** Activity **
From the listing below, reproduce word for word the part that opens with the line containing "BARBER&Iacute;A ESTETICA CONCORDIA" and closes with the line containing "Купальник FUNKITA Flight School"; reproduce nothing else.

** Data under study **

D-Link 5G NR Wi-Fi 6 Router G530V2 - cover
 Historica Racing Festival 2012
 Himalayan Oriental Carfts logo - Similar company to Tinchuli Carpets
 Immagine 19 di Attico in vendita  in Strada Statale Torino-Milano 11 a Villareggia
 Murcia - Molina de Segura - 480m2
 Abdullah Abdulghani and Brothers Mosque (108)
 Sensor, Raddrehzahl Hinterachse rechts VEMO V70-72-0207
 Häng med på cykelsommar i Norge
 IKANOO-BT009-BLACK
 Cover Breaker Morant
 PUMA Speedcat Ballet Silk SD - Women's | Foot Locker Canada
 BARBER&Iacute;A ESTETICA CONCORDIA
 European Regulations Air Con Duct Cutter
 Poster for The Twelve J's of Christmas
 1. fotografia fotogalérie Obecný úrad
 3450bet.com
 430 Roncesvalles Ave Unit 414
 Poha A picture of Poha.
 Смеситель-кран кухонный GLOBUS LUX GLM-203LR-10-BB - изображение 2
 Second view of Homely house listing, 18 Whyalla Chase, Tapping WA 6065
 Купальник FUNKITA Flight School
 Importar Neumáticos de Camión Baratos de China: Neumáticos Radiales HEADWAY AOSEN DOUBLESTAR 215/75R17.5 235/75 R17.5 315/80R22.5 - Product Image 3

** Your response **
 BARBER&Iacute;A ESTETICA CONCORDIA
 European Regulations Air Con Duct Cutter
 Poster for The Twelve J's of Christmas
 1. fotografia fotogalérie Obecný úrad
 3450bet.com
 430 Roncesvalles Ave Unit 414
 Poha A picture of Poha.
 Смеситель-кран кухонный GLOBUS LUX GLM-203LR-10-BB - изображение 2
 Second view of Homely house listing, 18 Whyalla Chase, Tapping WA 6065
 Купальник FUNKITA Flight School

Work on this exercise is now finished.